I've tried to keep one of these before. Went great for a couple of days then sadly refused to eat and ended up starving to death:sad:. However I think this may of been a once off case, as the other filament wrasse in the fish shop (there were two) wasn't looking very sick the last time I saw it. This happened to a few of their fish from the same shipment which leads me to beleive something was wrong with the batch. Since then I purchased a Cirrhilabrus Rubripinnis (red fin fairy wrasse) that has been doing great (IMO not as nice looking though). Anyway back to Paracheilinus Filamentosus! From what I researched they are fairly easy to keep and are good reef fish. They can be a little shy (mine wasn't when he was alright, but my Rubripinnis hides whenever I walk past the tank) and they like a lot of rockwork with caves, etc for them to hide and swim in. Make sure you don't have anything that could catch them offguard and eat/hurt them as they sleep either, as they sleep on the sand bed which makes them a bit more vunerable. My fairy wrasse gets the same food all my other fish get (nori, brine shrimp, mysid shrimp and krill). They are carnivores so they require a mainly meaty diet but it doesn't hurt to have them eat some greens occasionally. Hmmm what else is their to say...they are peaceful to other tank mates, some more agressive fish my nip at their elongated fins, I wouldn't reccommend putting them in anything smaller than 40-50 gallons and I think that's about it. If you have any specific questiosn ask and I'll try and answer them for you! I'm not thinking my best at the moment so if I have missed something I apologise, I had to clean carpets for 12 hours today and I'm very tired:shock:.

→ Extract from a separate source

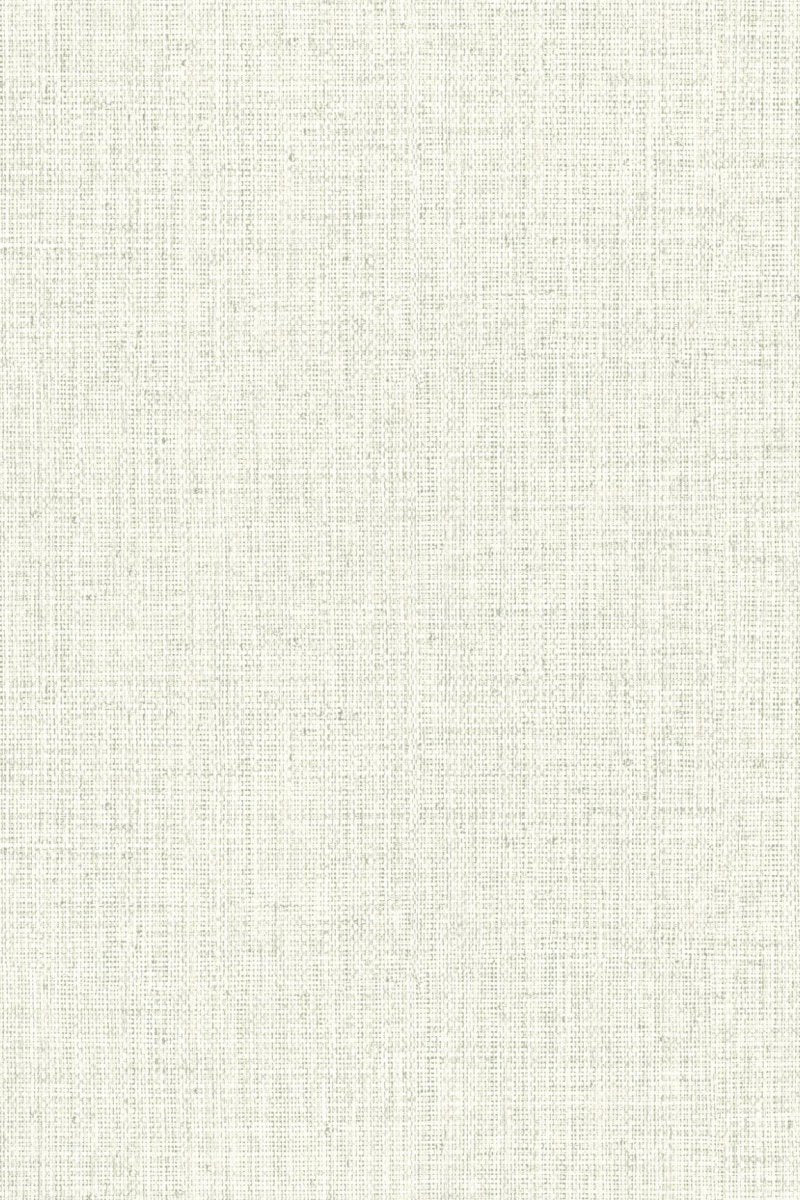 ARTE Batouri Arte Contract 67660 - LAB COLOUR THE WORLD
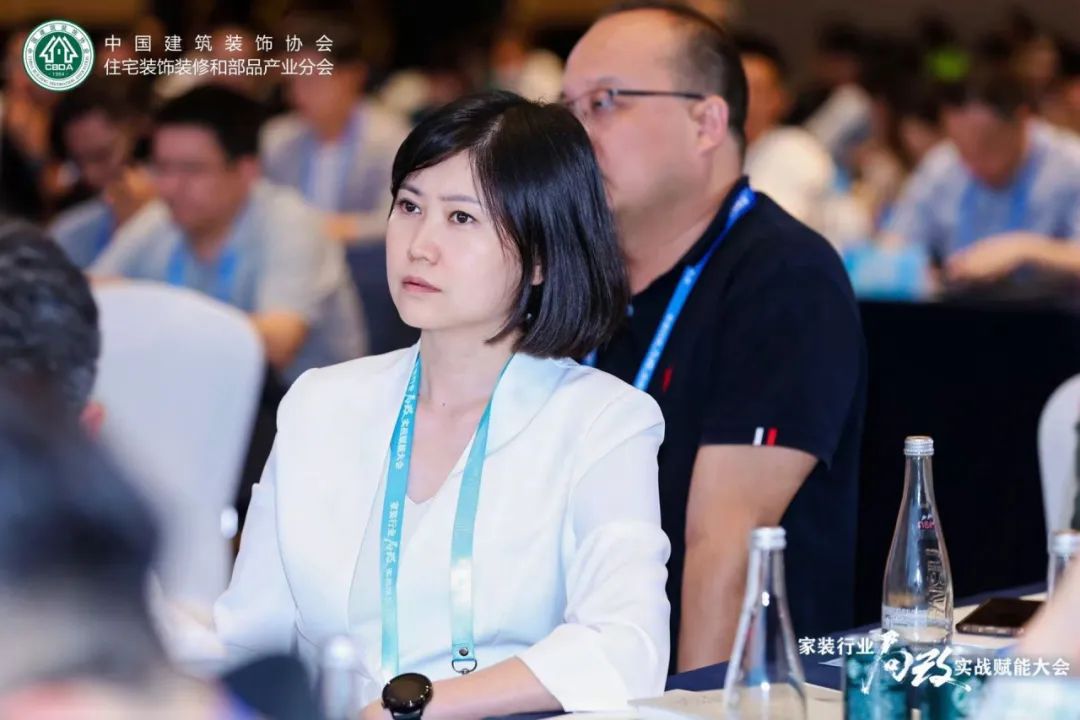 舊房全改,老房全房翻新,二手房全房翻新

They are a gorgeous fish (but then again, aren't all fairy wrasses gorgeous) and I think you'd be pretty safe getting one as long as you met the previous requirements. If I set up another tank one tank I think I'll have to consider having a harem of these guys!

EDIT: Argh how could I forget one of the most important requirements for them! These guys love to jump and without a tight fitting lid they will be carpet surfing in no time! So make sure you have some kind of cover than will stop any escape!


----------



## Fishfirst (Jan 24, 2005)

I was thinking of getting a harem of these for the 210 gallon show tank at the shop... beautiful fish I might add.


----------